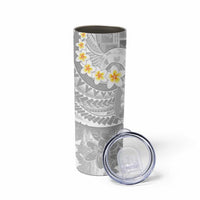 Tonga Christmas Skinny Tumbler Kilisimasi Fiefia Retro Style White LT05 - Polynesian Pride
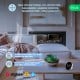 Išmanusis CO₂, temperatūros ir drėgmės jutiklis, NOUS E10, ZigBee, TUYA
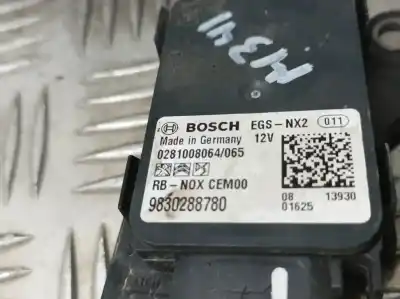 Peça sobressalente para automóvel em segunda mão sonda lambda por peugeot rifter acristalada referências oem iam 9830288780  0281008064065
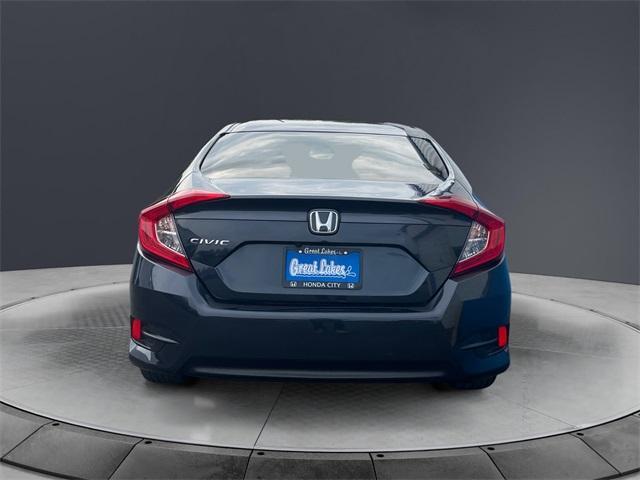 used 2018 Honda Civic car, priced at $16,835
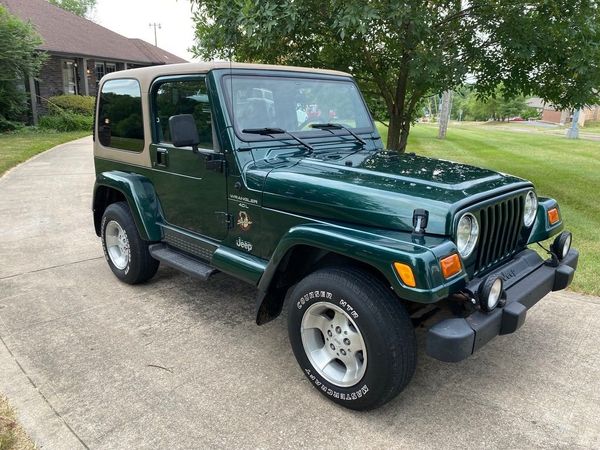 Jeep Wrangler Sahara Selling At No Reserve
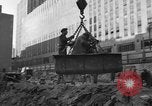 Image of construction at Rockefeller Center New York City USA, 1938, second 20 stock footage video 65675043737
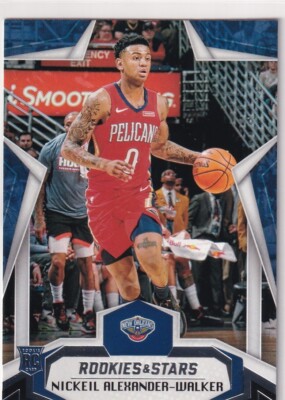 2019-20 ROOKIES & STARS RC NICKEIL ALEXANDER-WALKER TIMBERWOLVES ROOKIE JC-1043
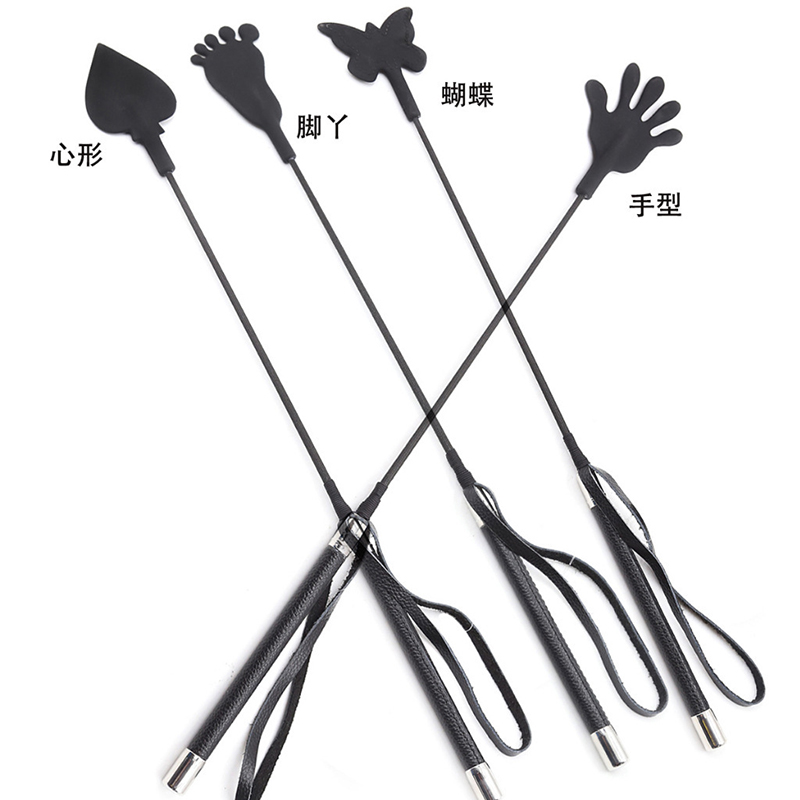 55CM siyah silikon kelebek şek - Riding Crop Dressage incelemesi ve fiyatı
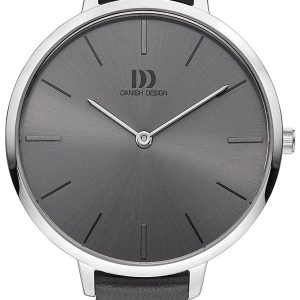 Danish Design Damklocka IV14Q1180 Dress Grå/Läder Ø36 mm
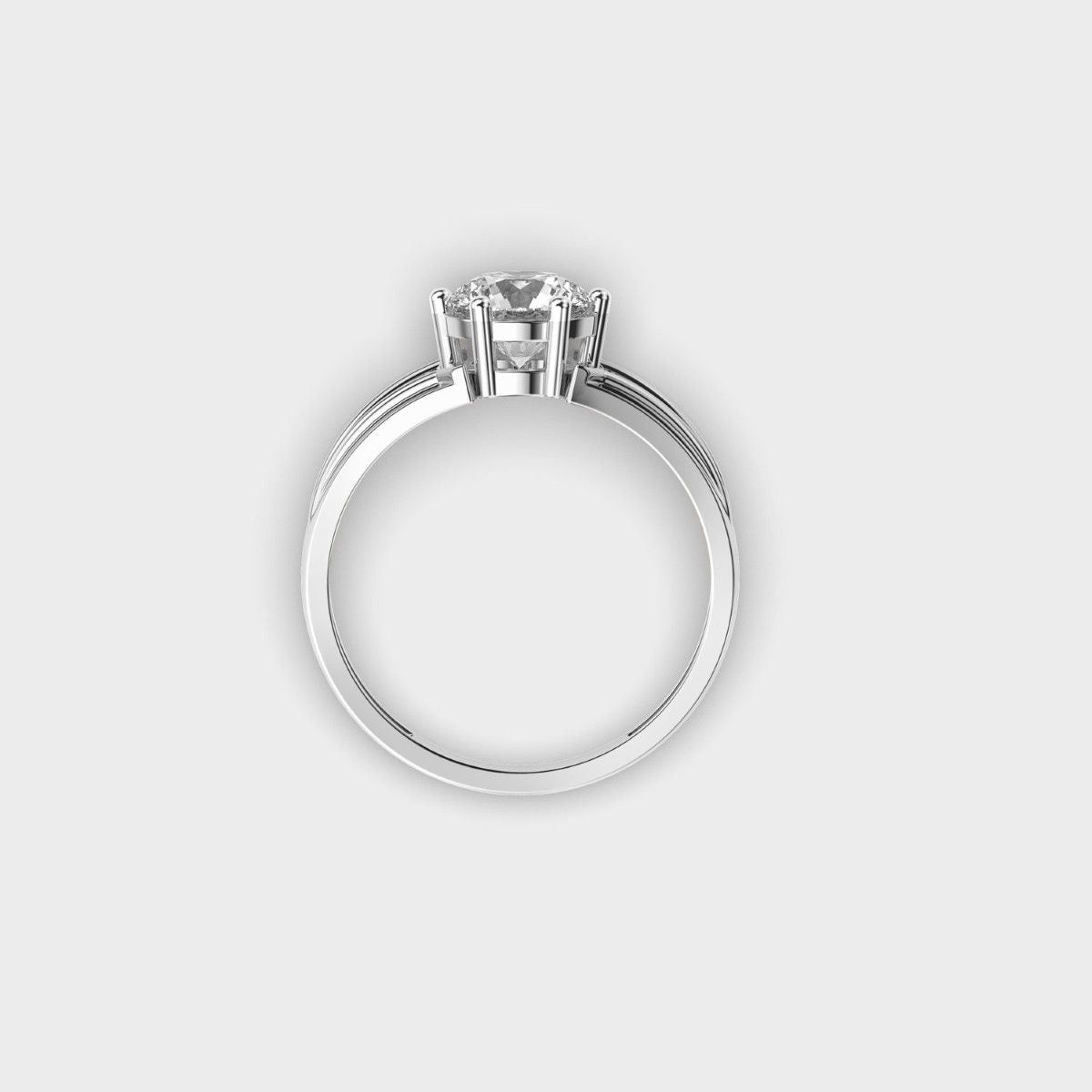 Cicerio Diamond Band For Men - View 10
------------
[What the exercise asks] Omit every picture, and otherwise quote the entries exactly.

[The completed task]
 Tonga Christmas Skinny Tumbler Kilisimasi Fiefia Retro Style White LT05 - Polynesian Pride
 Išmanusis CO₂, temperatūros ir drėgmės jutiklis, NOUS E10, ZigBee, TUYA
 Peça sobressalente para automóvel em segunda mão sonda lambda por peugeot rifter acristalada referências oem iam 9830288780  0281008064065
 used 2018 Honda Civic car, priced at $16,835
 Jeep Wrangler Sahara Selling At No Reserve
 Image of construction at Rockefeller Center New York City USA, 1938, second 20 stock footage video 65675043737
 2019-20 ROOKIES & STARS RC NICKEIL ALEXANDER-WALKER TIMBERWOLVES ROOKIE JC-1043
 55CM siyah silikon kelebek şek - Riding Crop Dressage incelemesi ve fiyatı
 Danish Design Damklocka IV14Q1180 Dress Grå/Läder Ø36 mm
 Cicerio Diamond Band For Men - View 10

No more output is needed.